▶ _Try it_
If a record holds a picture, omit the picture, but copy everything else below exactly.
═════ Record excerpts ═════
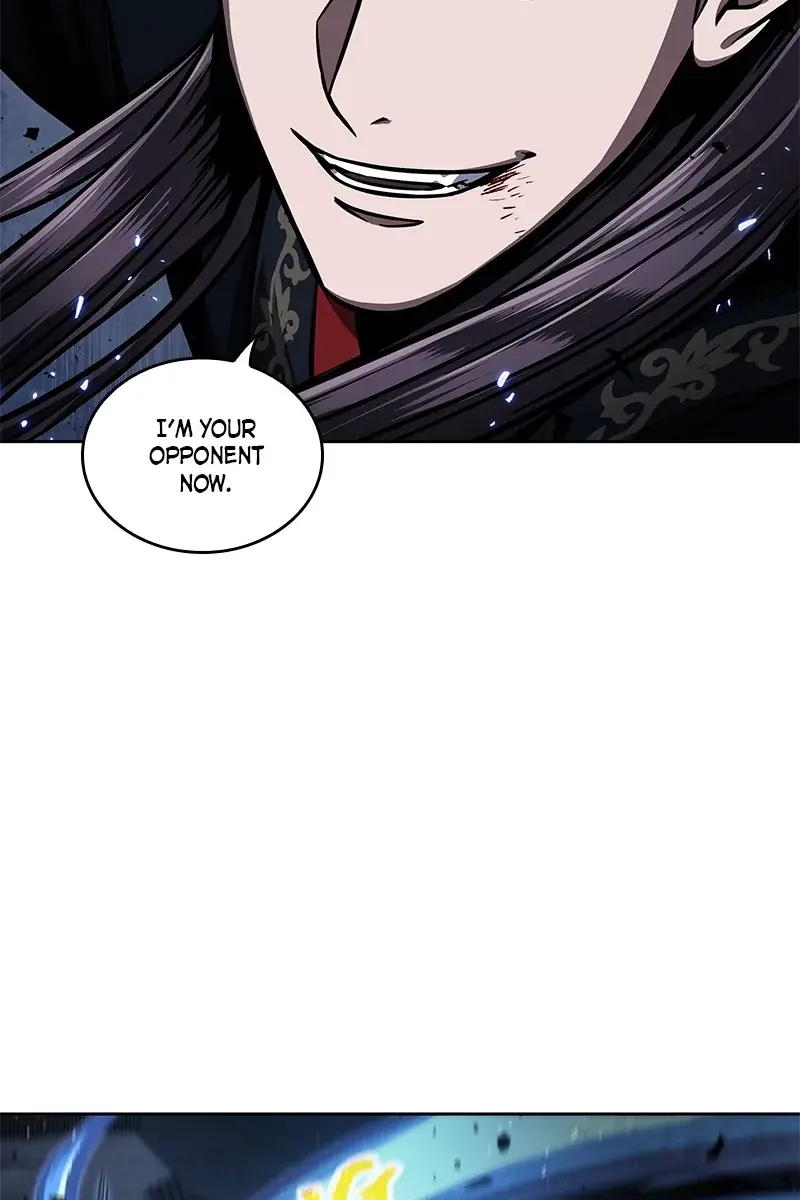 Nano Machine Chapter 110 Page 2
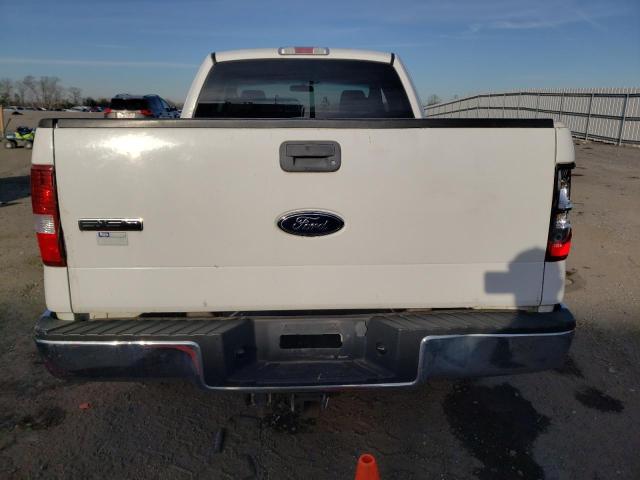 Photo 6 from auction – 2005 FORD F150 with VIN 1FTPX14545NB08508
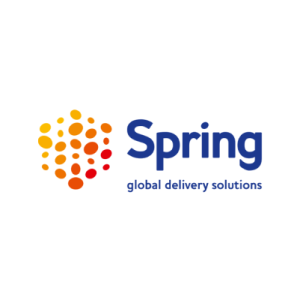 Despatch Cloud Spring Courier Integration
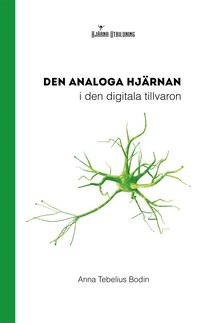 Den analoga hjärnan i den digitala tillvaron (e-bok)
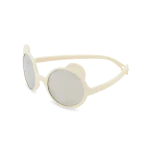 Ki ET LA okulary przeciwsłoneczne OURSON 1-2 Cream - obrazek 4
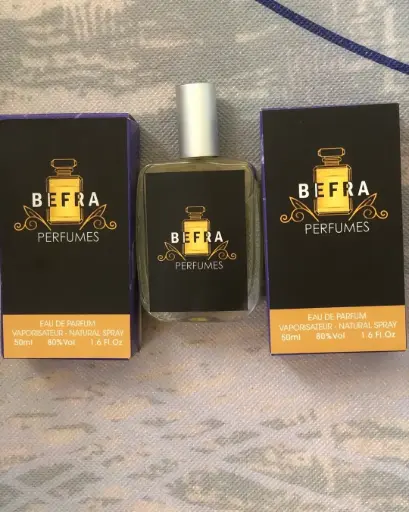 Befra Perfumes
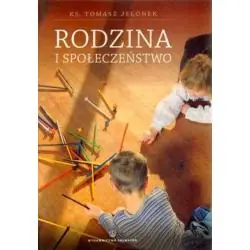 RODZINA I SPOŁECZEŃSTWO
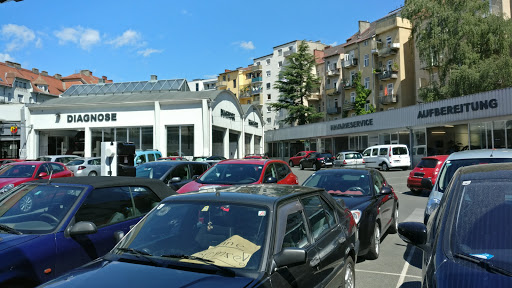 Fahrzeughändler Graz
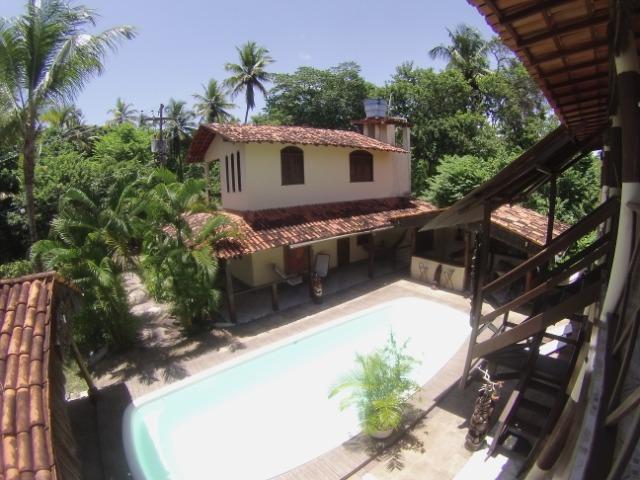 Morro de São Paulo - Quarta Praia - Casa Paraíso do Mundo - Foto 9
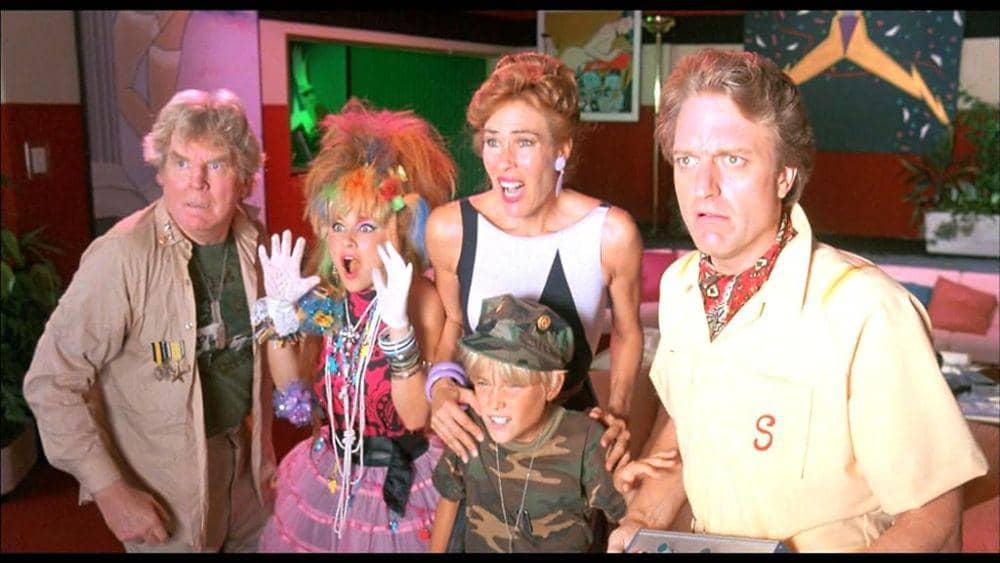 rekomendasi film monster underrated (dok. Empire Pictures)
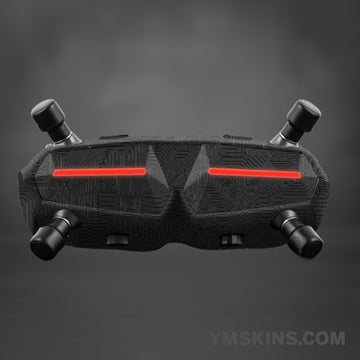 Walksnail Avatar HD Goggles X Skin/ Wrap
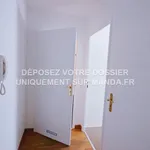 Appartement de 45 m² avec 2 chambre(s) en location à Morsang Sur Orge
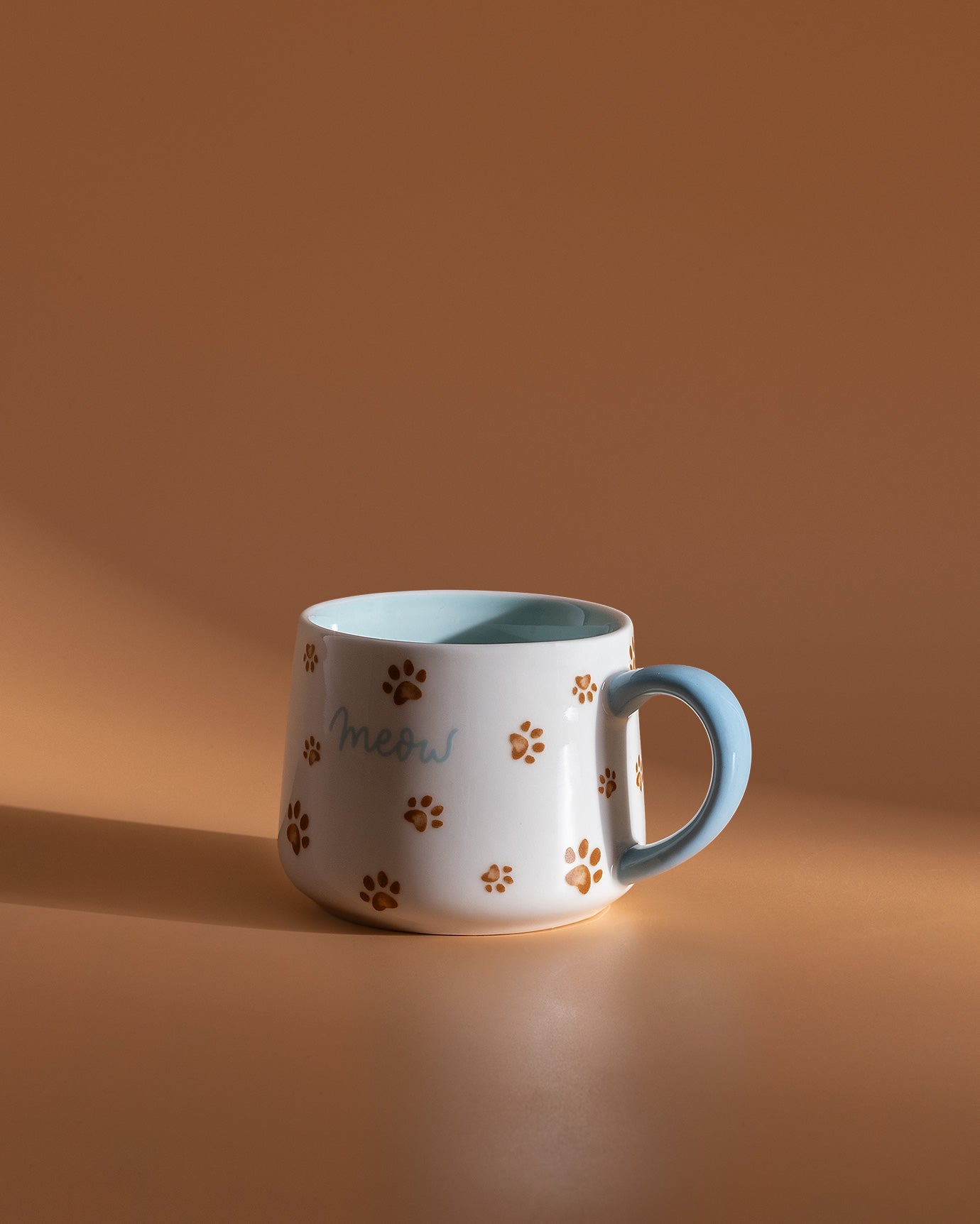 Moena Figured Mug - Madame Coco JO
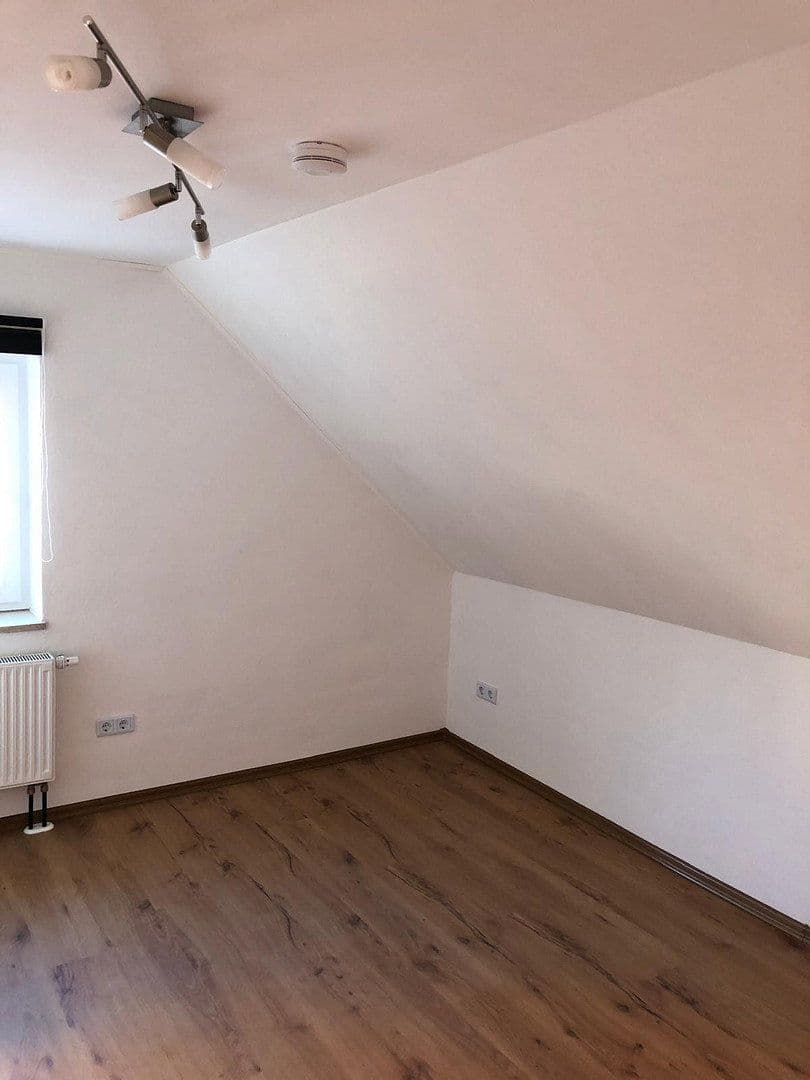 2 bedroom flat to rent, 39 m², Kurze Wertachstraße 5, Augsburg, Bavaria 2 bedroom flat to rent, 39 m², Kurze Wertachstraße 5, Augsburg, Bavaria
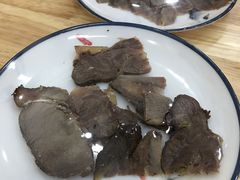 -中国兰州名牛纯汤牛肉面(永安道店)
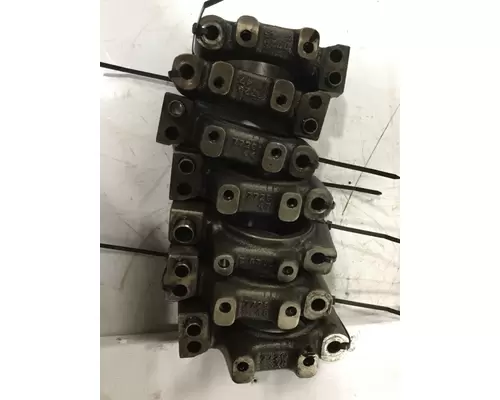 Camshaft Housing VOLVO D13 Rydemore Heavy Duty Truck Parts Inc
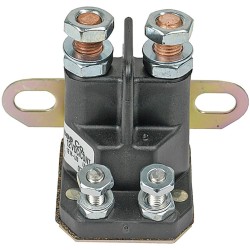 24612BX 12V Cole Hersee Solenoid for Universal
═════
▶ _Answer_
 Nano Machine Chapter 110 Page 2
 Photo 6 from auction – 2005 FORD F150 with VIN 1FTPX14545NB08508
 Despatch Cloud Spring Courier Integration
 Den analoga hjärnan i den digitala tillvaron (e-bok)
 Ki ET LA okulary przeciwsłoneczne OURSON 1-2 Cream - obrazek 4
 Befra Perfumes
 RODZINA I SPOŁECZEŃSTWO
 Fahrzeughändler Graz
 Morro de São Paulo - Quarta Praia - Casa Paraíso do Mundo - Foto 9
 rekomendasi film monster underrated (dok. Empire Pictures)
 Walksnail Avatar HD Goggles X Skin/ Wrap
 Appartement de 45 m² avec 2 chambre(s) en location à Morsang Sur Orge
 Moena Figured Mug - Madame Coco JO
 2 bedroom flat to rent, 39 m², Kurze Wertachstraße 5, Augsburg, Bavaria 2 bedroom flat to rent, 39 m², Kurze Wertachstraße 5, Augsburg, Bavaria
 -中国兰州名牛纯汤牛肉面(永安道店)
 Camshaft Housing VOLVO D13 Rydemore Heavy Duty Truck Parts Inc
 24612BX 12V Cole Hersee Solenoid for Universal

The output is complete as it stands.